I’ve now been using the Nikon D700 for exactly a year, and I know this because the first place I took it was to the East Lancs Railway winter steam gala at the end of January. One year on, time for a return visit.
Other than a nightshoot at Bury, I’d not done any railway photography since then, which is highly unusual for me. However, recently I’ve been looking at quite a lot of photos, online and in books, of the ‘progressive’ style, which is one that come o the fore in the 60’s as a rebellion to the technically perfect front three quarter views that had traditionally been taken, This style is best described on this flickr page and I suppose it’s one that I’ve been doing for years without really being aware of it.
This location on the East Lancs Railway was one that I first went to maybe 5 or 6 years ago, and took some shots on rather grainy film. By the time I’d cropped it, it was interesting but no masterpiece, so I always chose a spot on the other side of the tracks. However, when I got up, it was foggy, so I thought that it would make a nice spot as I could get the train coming round the corner out of the mist, plus it is still working hard, so would be throwing out some steam.

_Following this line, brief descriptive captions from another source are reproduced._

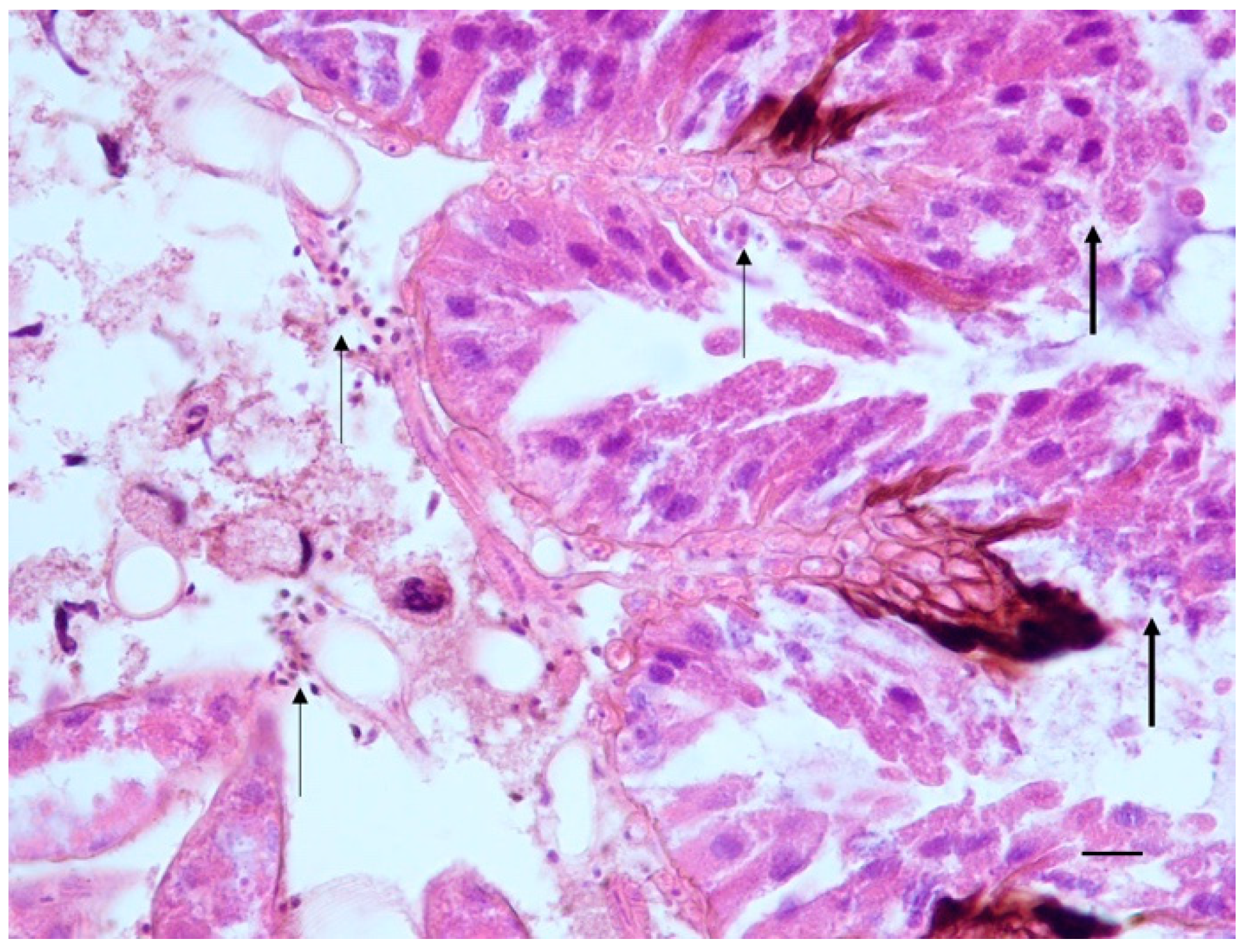 Pathogens 10 00874 g004 Pathogens 10 00874 g004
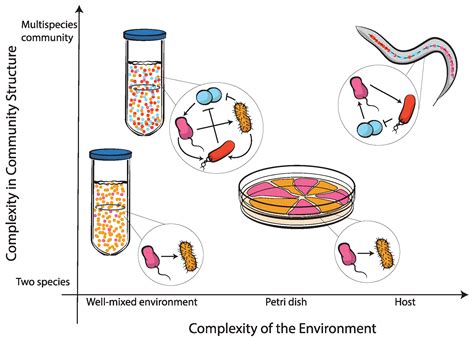 In Bacterial Communities Where Resources Are Often Limited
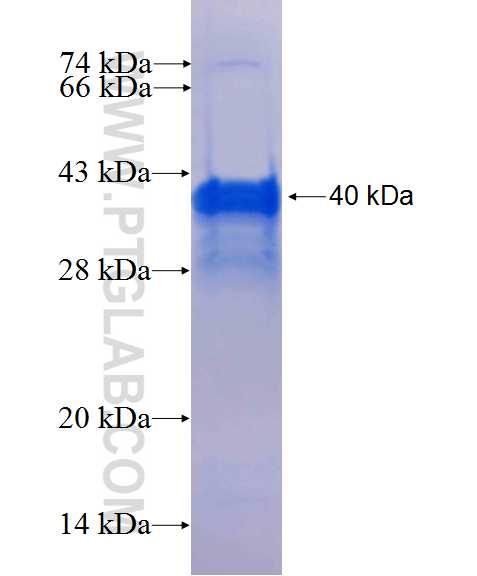 DDX4,VASA fusion protein Ag0447 SDS-PAGE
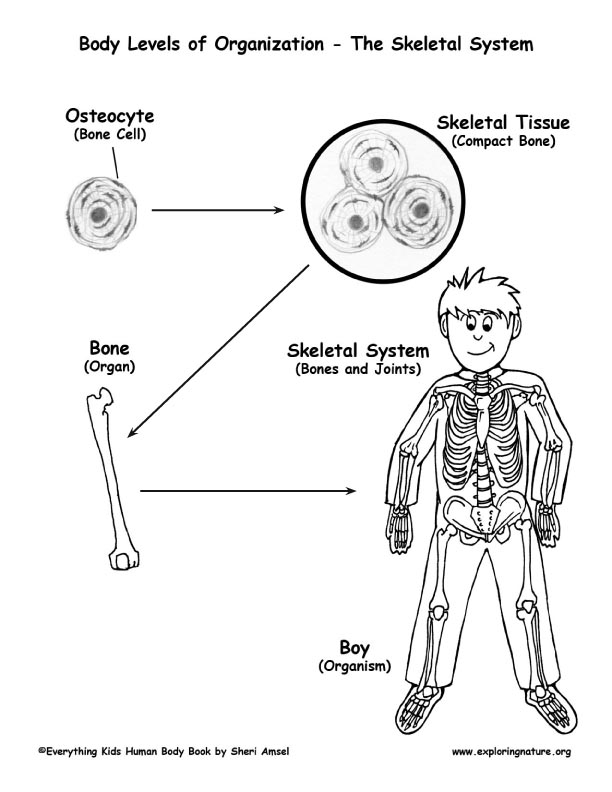 Levels of Organization in the Body - Cells to Organisms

So that I wouldn’t have to crop too much, I chose to use a 70-300mm lens, which is unusual in railway photography, but this wasn’t about getting a photograph of the engine, it was about the overall scene, and it was a bit too far away for a standard zoom. As I was unsure as to the exact composition and placement that I wanted, I took about 20 on continuous. I think this one just about has the edge.
Post-processing – as you would imagine, the light was pretty flat and so the colours were subdued, so I cut my losses and converted to monochrome. I also added some grain using Color Efex Pro to add a bit of atmosphere. Now you may wonder what the point of having a Nikon D700 is if I’m going to add grain to the photos afterwards. The thing is, I see countless modern photos of steam converted to black and white to give a nostalgic look, but they’re so ‘clean’ that they’re quite clearly taken digitally. While this will never be mistaken for Ilford HP5, I prefer it to the original digital file. Does it need more contrast? Maybe, it’s difficult to know how far to go as it was a murky day.